Bug #91107 BUG: cursor columns representing aggregate funcs values incorrectly converted
Submitted: 1 Jun 2018 21:47 Modified: 25 Jun 2018 22:45
Reporter: Nenad J Email Updates:
Status: Closed Impact on me:
None 
Category:Connector / Python Severity:S1 (Critical)
Version:8.0.11 OS:Windows (10 Home)
Assigned to: CPU Architecture:x86 (64 bit)
Tags: mysql connector python cursor execute pandas byte binary strings nan

[1 Jun 2018 21:47] Nenad J
Description:
This bug is a big problem for everyone that is using 8.0.11 for this is a code breaking bug! The very same python 3.6 code works with both 8.0.5 and 8.0.6.

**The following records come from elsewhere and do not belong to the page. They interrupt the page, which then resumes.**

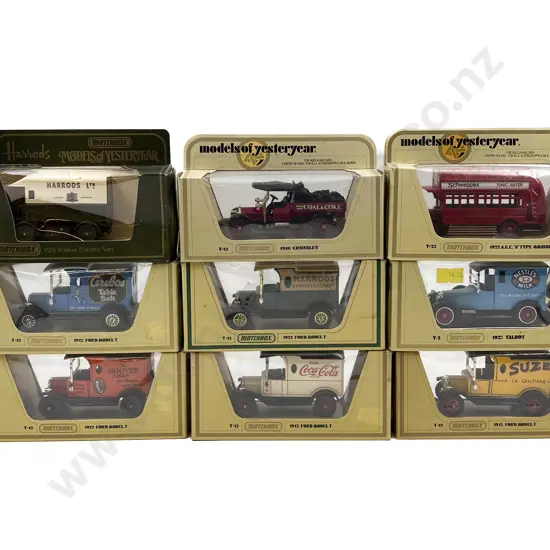Nine Yellow Boxed Matchbox Models of Yesteryear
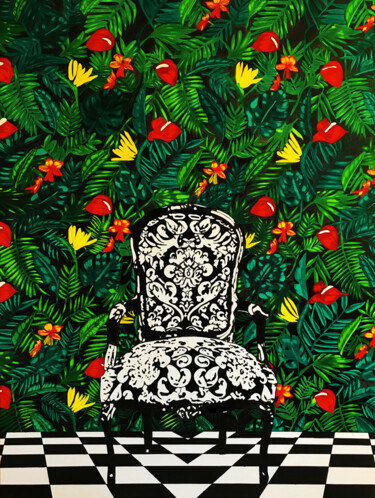 Painting titled "The Seat of power" by Tara Shakti, Original Artwork, Oil Mounted on Wood Stretcher frame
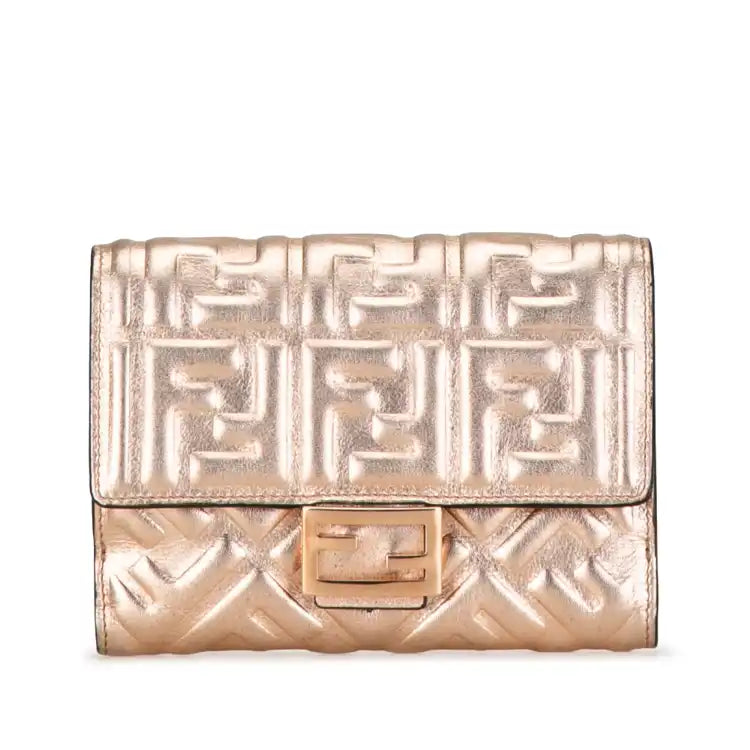 Fendi Zucca Embossed Compact Wallet
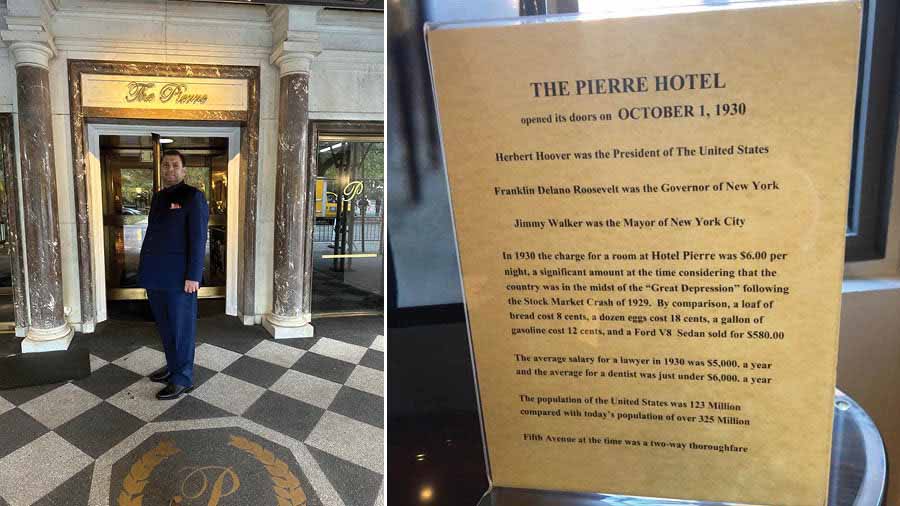 The author at The Pierre’s entrance and a short history of the hotel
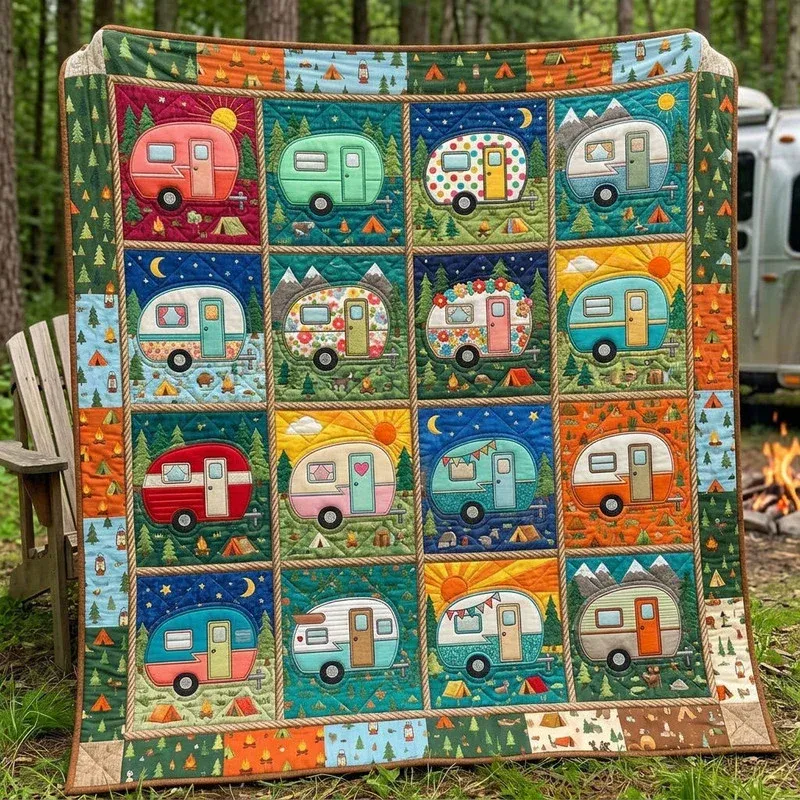 Cosmic Van Journey Bamboo Quilt Blanket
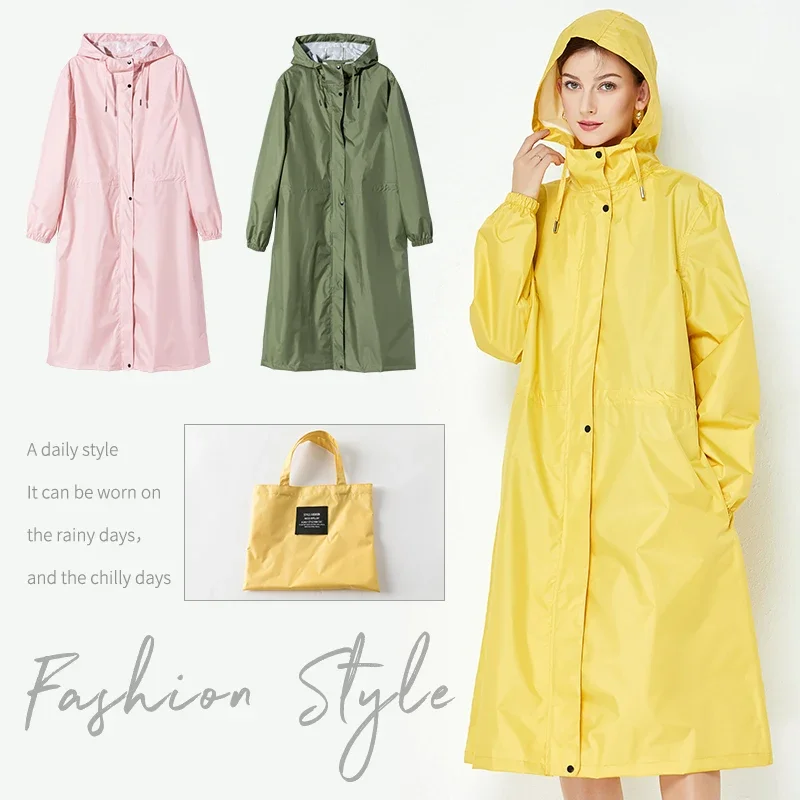 Running Long Raincoat Dress Overall Pink Fashion Portable Raincoat Outdoor Unisex Waterproof Roupa De Chuva Home Garden AB50YY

Details: If sql is executed using mysql connector 8.0.11, some aggregate functions columns (max, round, avg with floats and dates) are returned in a cursor as binary arrays and subsequently fail to convert properly into their correct types during pandas conversion, thus e.g. a float number becomes NaN in pandas. This is not pandas fault for the very same code works with mysql connector 8.0.5 and 8.0.6. In addition, column names for those columns are also sent back as binary strings as opposed to just strings as before, thus referencing e.g. 'avg_price' no longer finds it for the column name is actually b'avg_price'. So there are two problems - wrong column names and columns' values types.

How to repeat:
#%% --- python 3.6 code ---
import mysql.connector
import pandas
db_conn = { 'host':'my-server','user':'my-user','password':'my-pwd','port':3306 }
sql_statement = r"""SELECT
                        dish_id,
                        dish_name,
                        ROUND(AVG(price)) AS avg_price,
                        MAX(order_time) AS latest_order_date
                    FROM all_orders
                    GROUP BY dish_id;"""
conn = mysql.connector.connect(**db_conn)
cur = conn.cursor(dictionary=True)
cur.execute(sql_statement)
rows = cur.fetchall()
col_names = [x[0] for x in cur.description]
cur_df = pd.DataFrame(rows,columns=col_names)
cur_multi.close()
conn.close()
print(cur_df['avg_price']) # <- this fails for column name is binary string b'avg_price'
print(cur_df['avg_price']*100.0) # <- this gives NaN for binary strings did not covert properly into floats

Suggested fix:
This may be related to your "fix" denoted here https://dev.mysql.com/doc/relnotes/connector-python/en/news-8-0-11.html under Bugs Fixed section - paragraphs referencing Bug #27364914 & Bug #24948205 & Bug #83516. That text talks about byte arrays, etc.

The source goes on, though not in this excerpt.